[What you are asked to do]
All lines from the one containing "Seefeld Apartment |" down to the one containing "彭劍在檢查車(chē)輛的油液", both ends included, are to be given again exactly; omit the rest of the listing below.

[Excerpted records]
* * * *

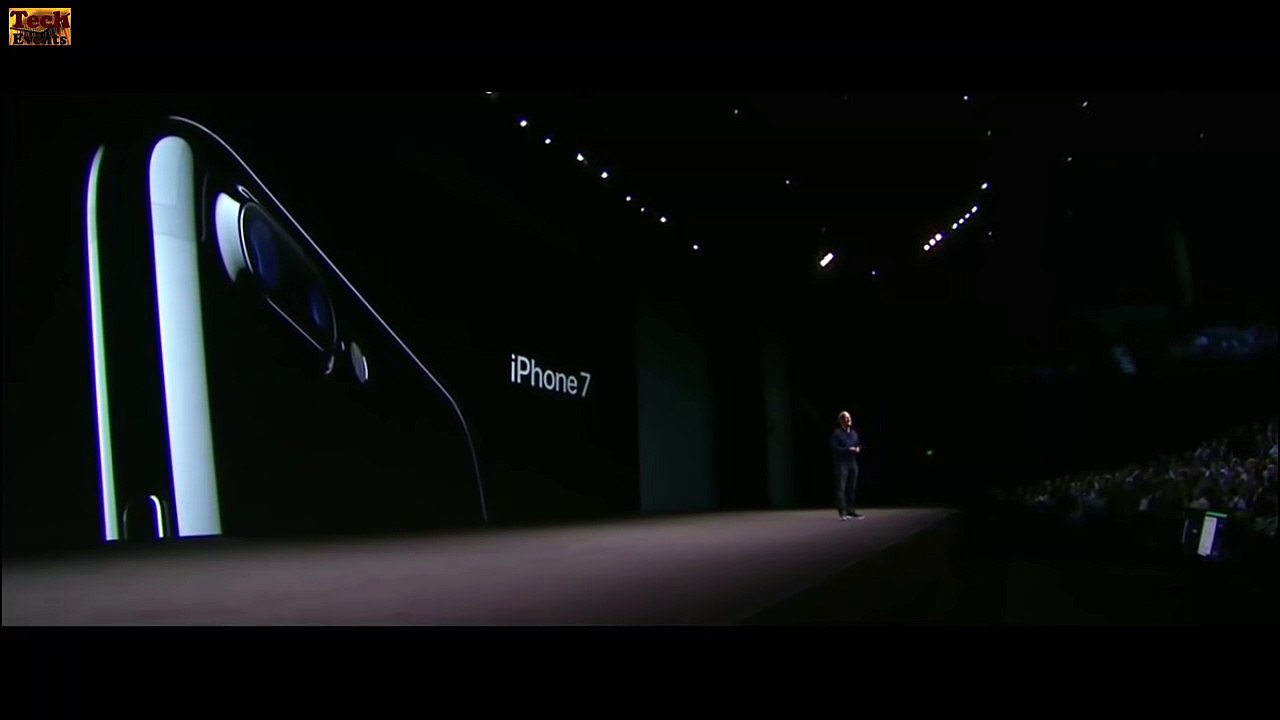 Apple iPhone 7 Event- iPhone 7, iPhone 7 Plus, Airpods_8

* * * *

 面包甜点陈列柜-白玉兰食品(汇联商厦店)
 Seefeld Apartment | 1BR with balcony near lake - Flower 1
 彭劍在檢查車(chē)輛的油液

* * * *

[Task result]
 Seefeld Apartment | 1BR with balcony near lake - Flower 1
 彭劍在檢查車(chē)輛的油液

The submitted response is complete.